◆ **WORK TO BE COMPLETED**: Give back the data below exactly, with every line kept the same.

[Scraped caption text data]
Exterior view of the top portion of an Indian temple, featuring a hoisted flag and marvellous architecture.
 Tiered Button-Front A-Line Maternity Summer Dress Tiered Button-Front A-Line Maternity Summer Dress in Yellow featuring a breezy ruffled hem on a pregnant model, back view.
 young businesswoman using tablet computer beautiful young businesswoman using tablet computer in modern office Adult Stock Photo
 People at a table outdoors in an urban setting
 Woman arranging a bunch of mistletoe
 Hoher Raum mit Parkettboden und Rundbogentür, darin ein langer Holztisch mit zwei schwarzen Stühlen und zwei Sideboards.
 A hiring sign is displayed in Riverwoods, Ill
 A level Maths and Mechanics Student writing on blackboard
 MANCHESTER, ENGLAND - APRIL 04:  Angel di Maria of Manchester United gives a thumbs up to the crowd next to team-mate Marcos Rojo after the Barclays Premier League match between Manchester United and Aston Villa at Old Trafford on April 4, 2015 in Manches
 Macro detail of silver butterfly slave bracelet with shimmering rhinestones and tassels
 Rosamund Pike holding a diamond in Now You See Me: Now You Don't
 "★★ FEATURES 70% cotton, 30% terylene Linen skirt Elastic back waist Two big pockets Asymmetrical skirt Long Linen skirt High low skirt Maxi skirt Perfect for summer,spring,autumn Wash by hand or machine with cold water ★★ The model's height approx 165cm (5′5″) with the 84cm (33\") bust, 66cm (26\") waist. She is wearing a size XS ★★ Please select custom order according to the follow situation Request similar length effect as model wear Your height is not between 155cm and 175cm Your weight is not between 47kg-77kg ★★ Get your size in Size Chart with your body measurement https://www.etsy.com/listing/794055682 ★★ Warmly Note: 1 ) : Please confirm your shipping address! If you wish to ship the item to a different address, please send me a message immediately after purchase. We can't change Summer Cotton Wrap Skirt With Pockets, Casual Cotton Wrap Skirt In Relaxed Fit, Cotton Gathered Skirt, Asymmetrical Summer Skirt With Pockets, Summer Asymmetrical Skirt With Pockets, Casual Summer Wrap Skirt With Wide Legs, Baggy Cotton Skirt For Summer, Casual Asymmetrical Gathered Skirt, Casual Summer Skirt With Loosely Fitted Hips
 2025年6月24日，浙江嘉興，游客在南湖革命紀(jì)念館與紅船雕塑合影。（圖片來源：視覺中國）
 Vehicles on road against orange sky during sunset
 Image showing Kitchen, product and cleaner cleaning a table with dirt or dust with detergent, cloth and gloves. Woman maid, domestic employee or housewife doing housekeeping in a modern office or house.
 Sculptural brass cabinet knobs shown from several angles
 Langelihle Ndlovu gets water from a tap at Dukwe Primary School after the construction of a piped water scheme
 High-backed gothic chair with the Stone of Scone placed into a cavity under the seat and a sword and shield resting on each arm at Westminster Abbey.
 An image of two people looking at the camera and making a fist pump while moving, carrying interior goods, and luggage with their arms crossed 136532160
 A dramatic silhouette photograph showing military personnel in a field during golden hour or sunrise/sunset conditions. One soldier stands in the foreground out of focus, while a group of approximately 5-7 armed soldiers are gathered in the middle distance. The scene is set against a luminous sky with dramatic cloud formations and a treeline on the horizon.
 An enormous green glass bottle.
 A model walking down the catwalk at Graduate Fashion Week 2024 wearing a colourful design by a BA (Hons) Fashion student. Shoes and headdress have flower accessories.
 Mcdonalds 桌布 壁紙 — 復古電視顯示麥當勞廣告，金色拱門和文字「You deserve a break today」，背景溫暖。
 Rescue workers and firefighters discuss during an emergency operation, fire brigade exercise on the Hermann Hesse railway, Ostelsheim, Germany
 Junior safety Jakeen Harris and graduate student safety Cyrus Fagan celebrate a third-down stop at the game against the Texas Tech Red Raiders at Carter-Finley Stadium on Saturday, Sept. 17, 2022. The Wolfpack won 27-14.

◆ **OUTPUT FOR THIS TASK**:
Exterior view of the top portion of an Indian temple, featuring a hoisted flag and marvellous architecture.
 Tiered Button-Front A-Line Maternity Summer Dress Tiered Button-Front A-Line Maternity Summer Dress in Yellow featuring a breezy ruffled hem on a pregnant model, back view.
 young businesswoman using tablet computer beautiful young businesswoman using tablet computer in modern office Adult Stock Photo
 People at a table outdoors in an urban setting
 Woman arranging a bunch of mistletoe
 Hoher Raum mit Parkettboden und Rundbogentür, darin ein langer Holztisch mit zwei schwarzen Stühlen und zwei Sideboards.
 A hiring sign is displayed in Riverwoods, Ill
 A level Maths and Mechanics Student writing on blackboard
 MANCHESTER, ENGLAND - APRIL 04:  Angel di Maria of Manchester United gives a thumbs up to the crowd next to team-mate Marcos Rojo after the Barclays Premier League match between Manchester United and Aston Villa at Old Trafford on April 4, 2015 in Manches
 Macro detail of silver butterfly slave bracelet with shimmering rhinestones and tassels
 Rosamund Pike holding a diamond in Now You See Me: Now You Don't
 "★★ FEATURES 70% cotton, 30% terylene Linen skirt Elastic back waist Two big pockets Asymmetrical skirt Long Linen skirt High low skirt Maxi skirt Perfect for summer,spring,autumn Wash by hand or machine with cold water ★★ The model's height approx 165cm (5′5″) with the 84cm (33\") bust, 66cm (26\") waist. She is wearing a size XS ★★ Please select custom order according to the follow situation Request similar length effect as model wear Your height is not between 155cm and 175cm Your weight is not between 47kg-77kg ★★ Get your size in Size Chart with your body measurement https://www.etsy.com/listing/794055682 ★★ Warmly Note: 1 ) : Please confirm your shipping address! If you wish to ship the item to a different address, please send me a message immediately after purchase. We can't change Summer Cotton Wrap Skirt With Pockets, Casual Cotton Wrap Skirt In Relaxed Fit, Cotton Gathered Skirt, Asymmetrical Summer Skirt With Pockets, Summer Asymmetrical Skirt With Pockets, Casual Summer Wrap Skirt With Wide Legs, Baggy Cotton Skirt For Summer, Casual Asymmetrical Gathered Skirt, Casual Summer Skirt With Loosely Fitted Hips
 2025年6月24日，浙江嘉興，游客在南湖革命紀(jì)念館與紅船雕塑合影。（圖片來源：視覺中國）
 Vehicles on road against orange sky during sunset
 Image showing Kitchen, product and cleaner cleaning a table with dirt or dust with detergent, cloth and gloves. Woman maid, domestic employee or housewife doing housekeeping in a modern office or house.
 Sculptural brass cabinet knobs shown from several angles
 Langelihle Ndlovu gets water from a tap at Dukwe Primary School after the construction of a piped water scheme
 High-backed gothic chair with the Stone of Scone placed into a cavity under the seat and a sword and shield resting on each arm at Westminster Abbey.
 An image of two people looking at the camera and making a fist pump while moving, carrying interior goods, and luggage with their arms crossed 136532160
 A dramatic silhouette photograph showing military personnel in a field during golden hour or sunrise/sunset conditions. One soldier stands in the foreground out of focus, while a group of approximately 5-7 armed soldiers are gathered in the middle distance. The scene is set against a luminous sky with dramatic cloud formations and a treeline on the horizon.
 An enormous green glass bottle.
 A model walking down the catwalk at Graduate Fashion Week 2024 wearing a colourful design by a BA (Hons) Fashion student. Shoes and headdress have flower accessories.
 Mcdonalds 桌布 壁紙 — 復古電視顯示麥當勞廣告，金色拱門和文字「You deserve a break today」，背景溫暖。
 Rescue workers and firefighters discuss during an emergency operation, fire brigade exercise on the Hermann Hesse railway, Ostelsheim, Germany
 Junior safety Jakeen Harris and graduate student safety Cyrus Fagan celebrate a third-down stop at the game against the Texas Tech Red Raiders at Carter-Finley Stadium on Saturday, Sept. 17, 2022. The Wolfpack won 27-14.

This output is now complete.